[Crawled caption data]
········
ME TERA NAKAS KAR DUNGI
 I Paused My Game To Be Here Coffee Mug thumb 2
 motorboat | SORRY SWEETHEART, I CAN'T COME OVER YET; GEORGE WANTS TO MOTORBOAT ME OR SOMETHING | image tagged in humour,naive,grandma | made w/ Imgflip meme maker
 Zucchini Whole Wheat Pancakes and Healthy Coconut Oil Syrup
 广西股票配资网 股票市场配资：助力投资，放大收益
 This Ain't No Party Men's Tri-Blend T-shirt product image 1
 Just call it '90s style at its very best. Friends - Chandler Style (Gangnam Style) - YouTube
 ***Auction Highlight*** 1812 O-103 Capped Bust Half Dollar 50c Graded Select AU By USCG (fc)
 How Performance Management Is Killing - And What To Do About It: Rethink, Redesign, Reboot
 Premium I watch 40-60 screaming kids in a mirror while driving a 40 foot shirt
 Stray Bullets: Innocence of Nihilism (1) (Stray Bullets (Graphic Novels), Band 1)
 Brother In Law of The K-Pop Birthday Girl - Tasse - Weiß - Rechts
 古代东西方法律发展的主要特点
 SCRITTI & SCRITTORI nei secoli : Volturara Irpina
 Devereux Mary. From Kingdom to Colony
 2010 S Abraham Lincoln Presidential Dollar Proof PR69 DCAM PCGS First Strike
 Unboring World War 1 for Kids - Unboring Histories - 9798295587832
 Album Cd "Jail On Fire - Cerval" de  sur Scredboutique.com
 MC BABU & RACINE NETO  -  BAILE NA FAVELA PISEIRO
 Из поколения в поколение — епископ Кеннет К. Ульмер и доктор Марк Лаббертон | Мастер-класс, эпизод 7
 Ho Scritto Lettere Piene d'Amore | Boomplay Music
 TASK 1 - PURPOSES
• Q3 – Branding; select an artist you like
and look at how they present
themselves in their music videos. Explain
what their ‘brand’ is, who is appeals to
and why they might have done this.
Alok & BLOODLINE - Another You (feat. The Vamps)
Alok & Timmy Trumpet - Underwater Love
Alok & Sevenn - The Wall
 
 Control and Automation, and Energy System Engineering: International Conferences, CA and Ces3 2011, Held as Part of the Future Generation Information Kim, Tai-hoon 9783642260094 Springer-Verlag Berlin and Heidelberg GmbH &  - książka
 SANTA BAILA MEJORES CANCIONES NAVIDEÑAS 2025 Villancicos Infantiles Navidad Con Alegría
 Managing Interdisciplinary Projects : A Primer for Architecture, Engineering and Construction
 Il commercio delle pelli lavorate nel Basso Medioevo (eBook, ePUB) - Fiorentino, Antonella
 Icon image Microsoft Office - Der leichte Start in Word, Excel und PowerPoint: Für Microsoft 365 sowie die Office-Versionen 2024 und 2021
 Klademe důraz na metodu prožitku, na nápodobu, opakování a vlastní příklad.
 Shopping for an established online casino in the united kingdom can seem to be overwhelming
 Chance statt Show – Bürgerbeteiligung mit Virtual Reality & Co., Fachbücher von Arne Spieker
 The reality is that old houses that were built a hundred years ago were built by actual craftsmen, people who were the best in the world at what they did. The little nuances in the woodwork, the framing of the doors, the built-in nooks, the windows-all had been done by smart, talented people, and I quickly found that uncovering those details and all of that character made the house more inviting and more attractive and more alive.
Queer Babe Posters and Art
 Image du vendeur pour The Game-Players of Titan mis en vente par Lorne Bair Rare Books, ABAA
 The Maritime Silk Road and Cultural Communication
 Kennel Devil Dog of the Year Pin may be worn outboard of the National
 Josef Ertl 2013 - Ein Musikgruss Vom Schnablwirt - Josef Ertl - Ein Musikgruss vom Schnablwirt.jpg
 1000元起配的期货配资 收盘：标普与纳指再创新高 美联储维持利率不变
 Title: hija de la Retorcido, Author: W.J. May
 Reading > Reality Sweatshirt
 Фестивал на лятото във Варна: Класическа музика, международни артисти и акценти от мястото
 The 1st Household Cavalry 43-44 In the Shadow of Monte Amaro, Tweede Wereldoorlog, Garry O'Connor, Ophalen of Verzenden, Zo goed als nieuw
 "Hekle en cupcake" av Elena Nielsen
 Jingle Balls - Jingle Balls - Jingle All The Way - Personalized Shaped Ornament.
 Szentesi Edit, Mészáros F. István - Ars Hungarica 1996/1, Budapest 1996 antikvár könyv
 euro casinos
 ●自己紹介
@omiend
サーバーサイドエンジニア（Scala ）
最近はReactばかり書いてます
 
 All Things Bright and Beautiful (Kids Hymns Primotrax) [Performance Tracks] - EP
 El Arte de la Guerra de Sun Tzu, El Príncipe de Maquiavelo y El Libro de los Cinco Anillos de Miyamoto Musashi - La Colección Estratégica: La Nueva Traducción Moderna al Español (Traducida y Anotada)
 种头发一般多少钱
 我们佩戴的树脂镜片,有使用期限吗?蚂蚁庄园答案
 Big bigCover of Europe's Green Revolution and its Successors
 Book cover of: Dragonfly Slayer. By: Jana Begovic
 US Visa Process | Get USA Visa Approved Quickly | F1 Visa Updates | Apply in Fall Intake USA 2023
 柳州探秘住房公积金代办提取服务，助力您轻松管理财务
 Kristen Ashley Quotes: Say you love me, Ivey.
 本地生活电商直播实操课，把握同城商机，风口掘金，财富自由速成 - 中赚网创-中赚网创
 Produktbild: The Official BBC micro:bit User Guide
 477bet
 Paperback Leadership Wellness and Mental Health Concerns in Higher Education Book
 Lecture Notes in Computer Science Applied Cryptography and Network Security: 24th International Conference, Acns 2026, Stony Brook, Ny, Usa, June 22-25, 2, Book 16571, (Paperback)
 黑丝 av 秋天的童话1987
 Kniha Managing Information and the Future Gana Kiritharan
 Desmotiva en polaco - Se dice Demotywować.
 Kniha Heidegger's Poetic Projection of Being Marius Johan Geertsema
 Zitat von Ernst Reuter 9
········
■ Brief
A single number is the whole answer here: the number of lines in the data containing "Game".

■ Task response
2